Image-caption web data:
□ □ □
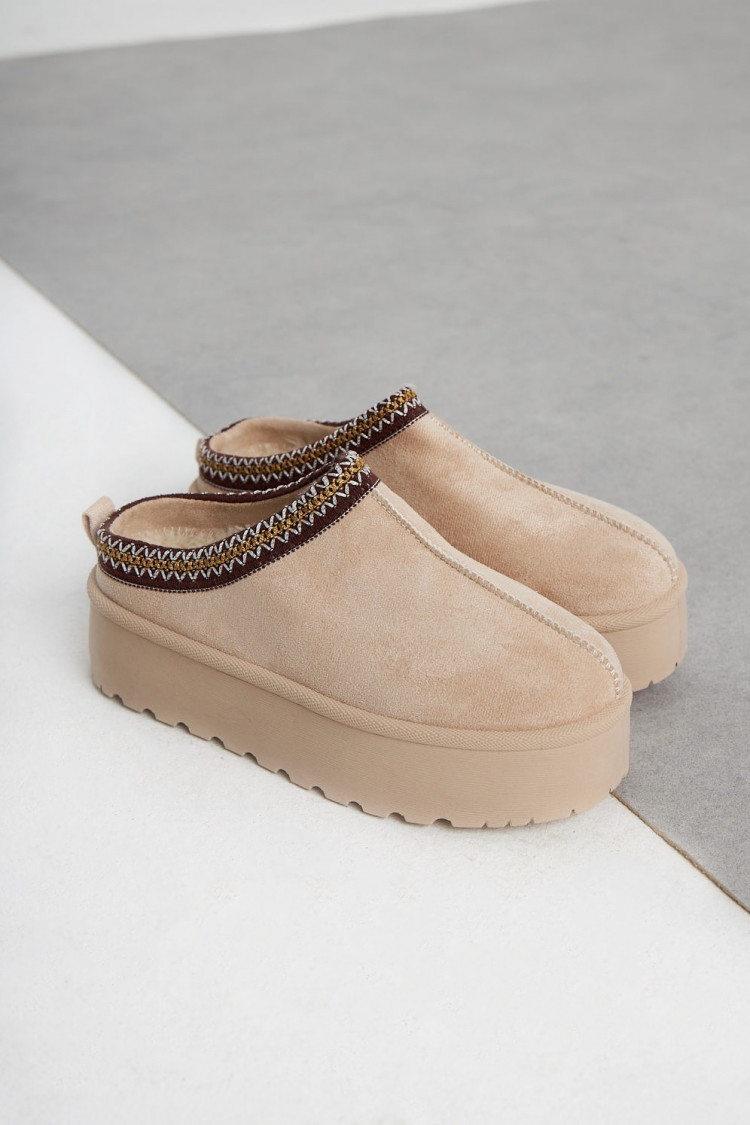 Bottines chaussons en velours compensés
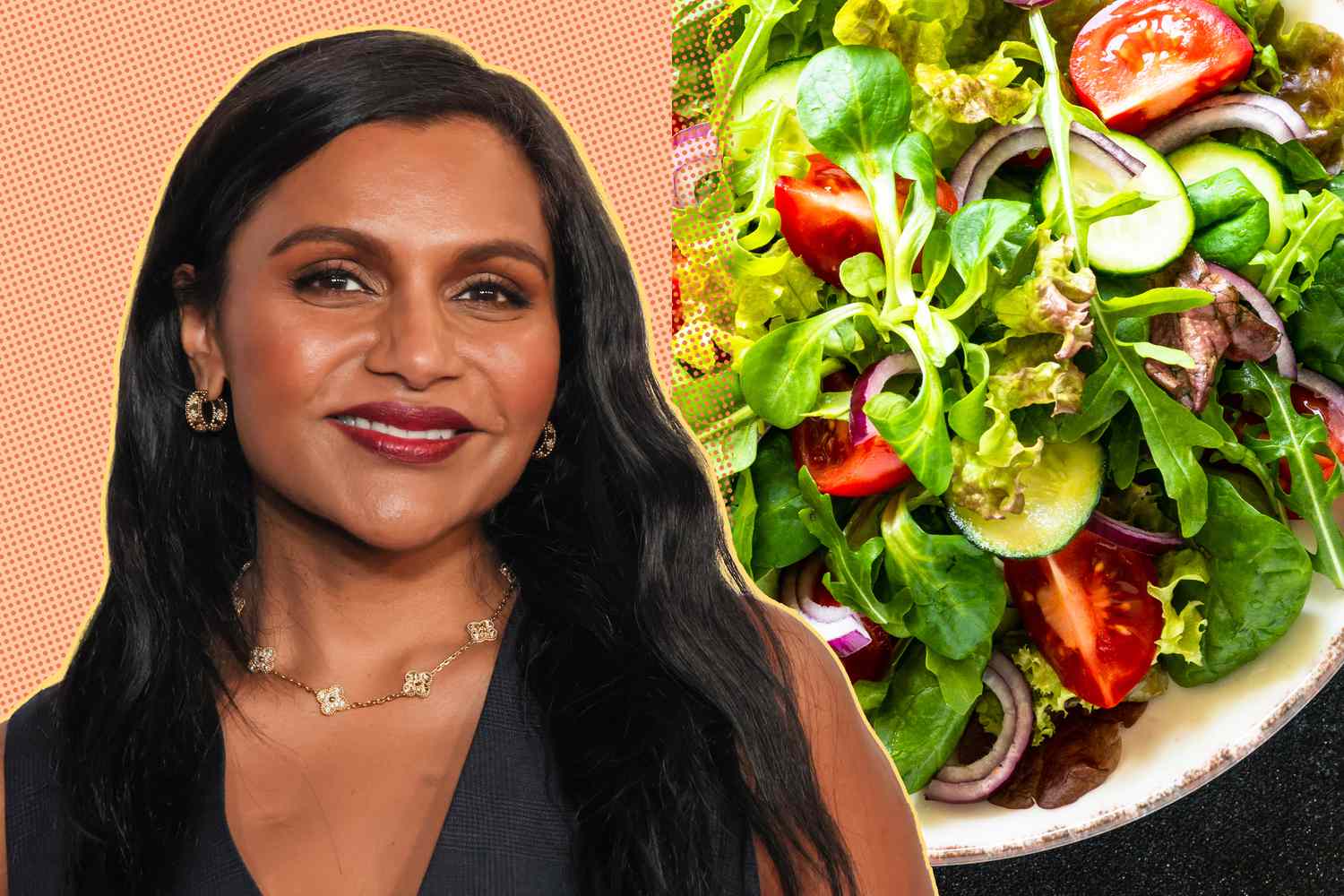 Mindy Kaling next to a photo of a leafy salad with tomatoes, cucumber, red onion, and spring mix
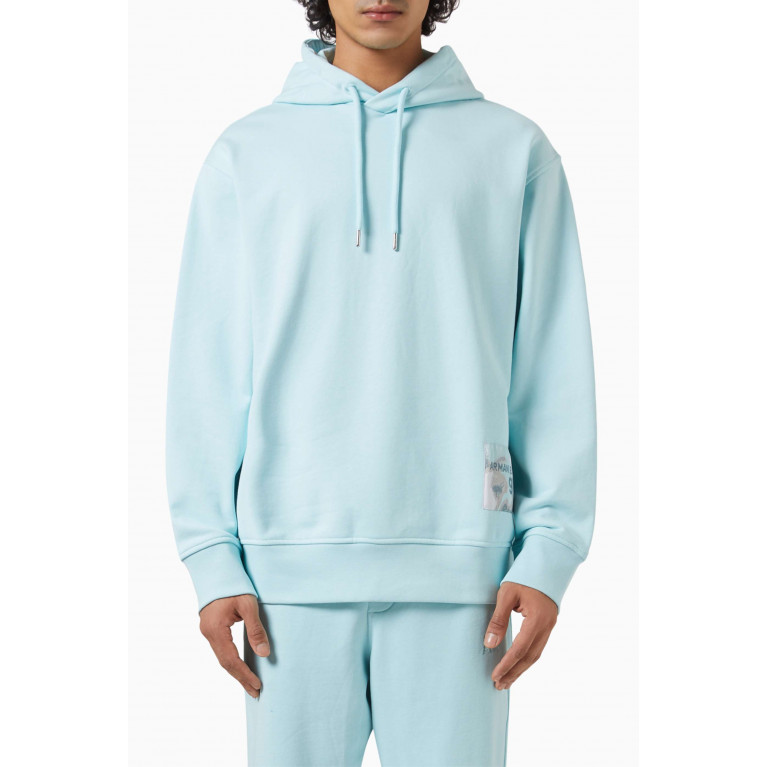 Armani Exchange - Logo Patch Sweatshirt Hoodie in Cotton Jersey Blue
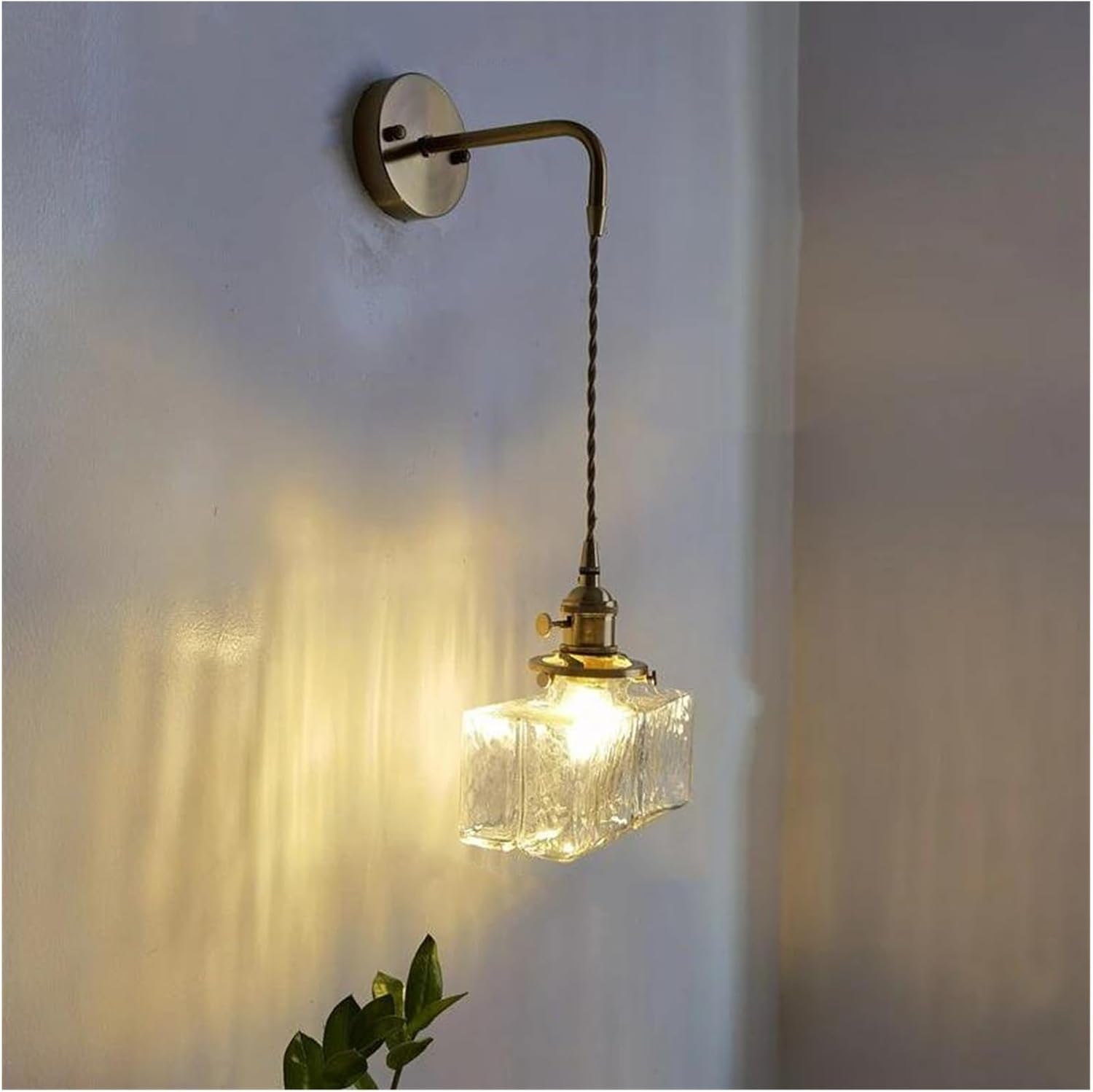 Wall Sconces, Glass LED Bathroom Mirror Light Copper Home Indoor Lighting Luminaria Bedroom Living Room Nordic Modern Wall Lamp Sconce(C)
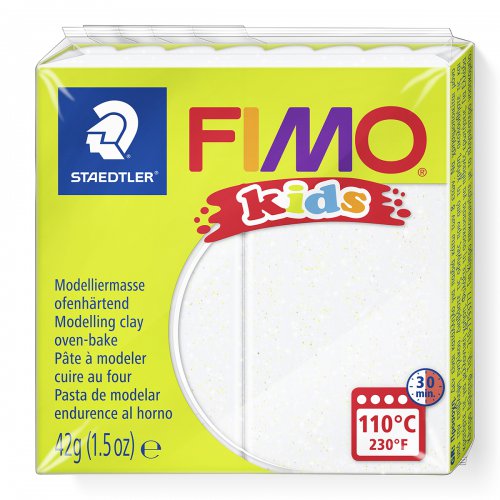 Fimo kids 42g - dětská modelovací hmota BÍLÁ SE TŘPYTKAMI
□ □ □
- [DIRECTIONS FOR THIS TASK]
Do not include images; quote all of the entries above exactly.

- [ANSWER SPACE]
 Bottines chaussons en velours compensés
 Mindy Kaling next to a photo of a leafy salad with tomatoes, cucumber, red onion, and spring mix
 Armani Exchange - Logo Patch Sweatshirt Hoodie in Cotton Jersey Blue
 Wall Sconces, Glass LED Bathroom Mirror Light Copper Home Indoor Lighting Luminaria Bedroom Living Room Nordic Modern Wall Lamp Sconce(C)
 Fimo kids 42g - dětská modelovací hmota BÍLÁ SE TŘPYTKAMI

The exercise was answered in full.